How to merge two list of strings with multiple character replacements

Question

I have two lists of strings.

A = ['HKO', 'HKO', 'HKO'] 
B = ['12M', 'M4M', 'MKO']

I want to merge them such that the result is:

C = ['HKM', 'MKM', 'MKO']

That is, if there is an 'M' in list B , I want to keep it, else I want to replace it with the value in that index of A.

What is the best way to do this? The problem I keep encountering is B's 'M4M' such that I'm unable to replace both the 'H' and the 'O' . For example I'll get:

['HKM', 'MKO', 'HKM'] 

Thanks. (The code I have so far is below!)

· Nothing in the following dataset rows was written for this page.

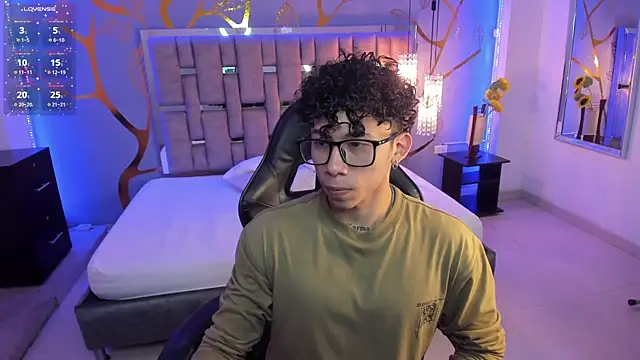 Snapshot of AkazaBoy_ chatting on 28, 2, 2025 AkazaBoy  online show from 28, 2, 2025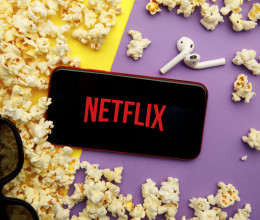Ezeket a titkos Netflix kódokat a profik is alig ismerik, muszáj kipróbálnod őket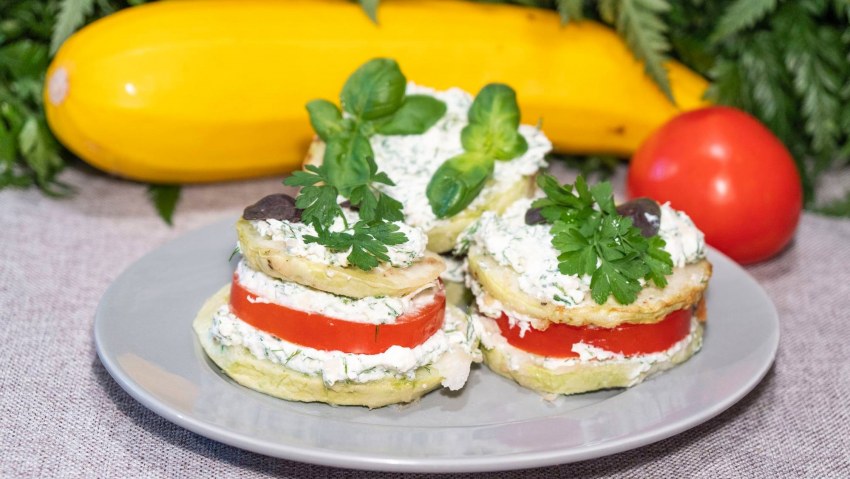 Закуска из баклажанов с помидорами и чесноком и сыром в духовке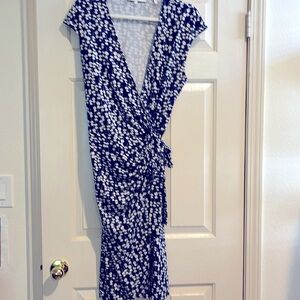 Lark & Ro blue floral wrap dress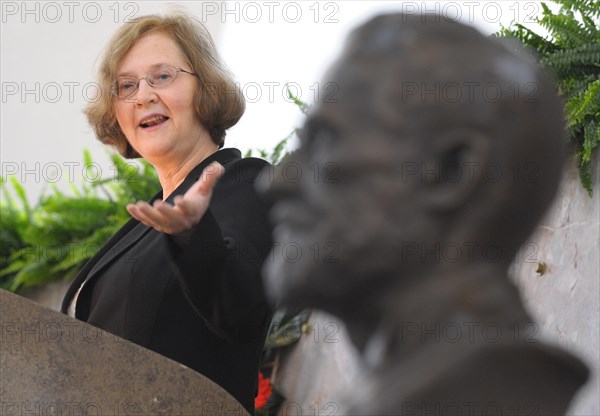 US biologist Elisabeth H. Blackburn from San Francisco stands next to a bust of Paul Ehrlich and talks during the award ceremony of the Paul Ehrlich and Ludwig Darmstaedter Prize 2009 at Paulskirche in Frankfurt Main, Germany, 14 March 2009. Together with Carol Greider from Baltimore, she was awarded with one of the most important German science prizes, endowed with 100,000 euro. P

replace_list = [(0, 2), (1, 0), (1, 2), (2, 0)]

list = []
for i in range(len(mix_list)):
    for j in range(len(letters)):
        if j != replace_list[i][1]:
            list.append(letters[i][j])
        else:
            list.append('M')
    list_join = ("".join(list))

    print list
print "join", list_join

where I get: join HKMMKOHKM

Answer 1

You can use the function map() with the helper function func() :

A = ['HKO', 'HKO', 'HKO']
B = ['12M', 'M4M', 'MKO']

def func(a, b):
    if 'M' in b:
        m = map(lambda x, y:
            y if y == 'M' else x, a, b)
        return ''.join(m)
    else:
        return a

list(map(func, A, B))
# ['HKM', 'MKM', 'MKO']

Answer 2

Playing around with zip s and map s

f = lambda s: ''.join([a if b !='M' else b for a, b in s])
list(map(f, (map(lambda k: zip(*k), zip(A,B)))))

Outputs

['HKM', 'MKM', 'MKO']

Answer 3

You can use zip and str.join :

A = ['HKO', 'HKO', 'HKO'] 
B = ['12M', 'M4M', 'MKO']
result = [''.join(d if d == 'M' else c for c, d in zip(a, b)) for a, b in zip(A, B)]

Output:

['HKM', 'MKM', 'MKO']